15. Hukuk Dairesi 2016/3928 E. , 2017/3148 K.
"İçtihat Metni"Mahkemesi :Asliye Hukuk Mahkemesi
Yukarıda tarih ve numarası yazılı hükmün temyizen tetkiki davalı vekili tarafından istenmiş ve temyiz dilekçesinin süresi içinde verildiği anlaşılmış olmakla dosyadaki kağıtlar okundu gereği konuşulup düşünüldü:
- K A R A R -
Dava, eser sözleşmesinden kaynaklanan bakiye bedelin yasal faizi ile tahsiline ilişkin olup, mahkemece davanın kabulüne karar verilmiştir.
Davacı, davalı kooperatiften; iki çanaklı uydu anten santral kurulumu, asansör panosu kurulumu ve aydınlatılması işleri için işçilik ve malzeme dahil toplamda 8.300,00 TL alacağının olduğunu, 2.000,00 TL ödeme yapıldığını bakiye 6.300,00 TL tazminata hükmedilmesi istemiyle eldeki davayı açmıştır.
Davalı kooperatif, davaya cevap ile birlikte; davacının edimini ayıplı olarak ifa ettiğini bu sebeple borçlu olmadıklarını ayrıca ödedikleri 2.000,00 TL"nin de iadesine karar verilmesini talep ederek karşı dava açmıştır.
Yerel mahkeme davacının açmış olduğu davayı kabul etmiştir.

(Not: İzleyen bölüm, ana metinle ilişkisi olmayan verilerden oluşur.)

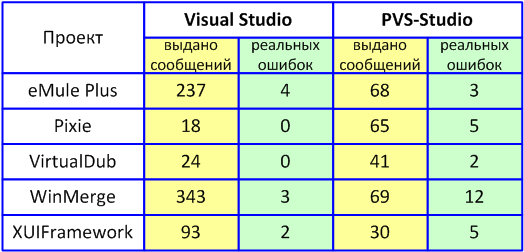 a0073_VS_vs_PVS-Studio_ru/image1.png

Karşı davanın tefriki ile mahkemenin en son sıra numarasına kaydedilerek yargılamasının Tüketici Mahkemesi sıfatıyla yapılmasına hükmetmiştir.

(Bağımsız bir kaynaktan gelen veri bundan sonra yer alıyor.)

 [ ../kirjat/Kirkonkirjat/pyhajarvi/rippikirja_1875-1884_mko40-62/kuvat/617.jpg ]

Karşı davanın açıldığı tarihte yürürlükte bulunan 6502 sayılı Tüketicinin Korunması Hakkında Kanun"un 3. maddesine göre tüketici; ticari veya mesleki olmayan amaçlarla hareket eden gerçek veya tüzel kişiyi, tüketici işlemi; mal veya hizmet piyasalarında kamu tüzel kişileri de dâhil olmak üzere ticari veya mesleki amaçlarla hareket eden veya onun adına ya da hesabına hareket eden gerçek veya tüzel kişiler ile tüketiciler arasında kurulan, eser, taşıma, simsarlık, sigorta, vekâlet, bankacılık ve benzeri sözleşmeler de dâhil olmak üzere her türlü sözleşme ve hukuki işlemi ifade eder. Bir hukuki işlemin tüketici işlemi sayılabilmesi için yukarıda belirtilen tanımlara uygun olması gerekir.

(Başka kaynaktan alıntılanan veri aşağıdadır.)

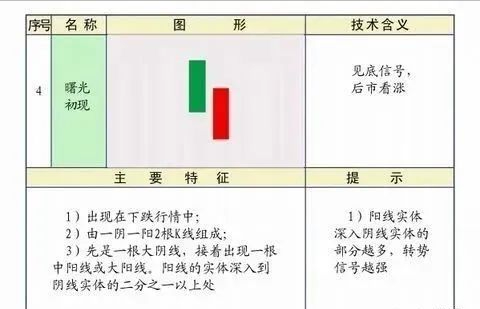 史上最全的K线75种不同形态全解一旦看懂知买卖建议收藏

Davalı karşı davacı cevap ve karşı dava ekindeki vekaletnamesine göre konut yapı kooperatifi olup tüketici vasfı yoktur. Keza davacı karşı davalı yüklenici ise de, kooperatif tüketici olmadığından taraflar arasındaki ilişkinin 6502 sayılı Yasa kapsamı dışında kaldığı
anlaşıldığına göre davaya bakma hususunda genel mahkemeler görevlidir. Eser sözleşmesi ilişkilerinin tüketici yasası kapsamına alınması taraflardan birinin tüketici olmadığı davanın tüketici mahkemesinde görülmesi sonucunu doğurmaz. Bu nedenle mahkemece karşı dava yönünden de işin esası incelenerek bir karar verilmesi gerekir.
Görev hususu kamu düzenine ilişkin olup, mahkemece her aşamada nazara alınması gerekir ve görev hususunda kazanılmış hak söz konusu olamaz.
Mahkemece, işin esasına girilerek sonucuna uygun bir karar verilmesi gerekirken yazılı şekilde hüküm tesisi usul ve yasaya aykırı olup, bozmayı gerektirmiştir.
SONUÇ: Yukarıda açıklanan nedenlerle kararın BOZULMASINA, bozma nedenine göre davalının sair temyiz itirazlarının incelenmesine yer olmadığına, ödediği temyiz peşin harcının istek halinde temyiz eden davalıya geri verilmesine, karar düzeltme yolu kapalı olmak üzere 26.09.2017 gününde oybirliğiyle karar verildi.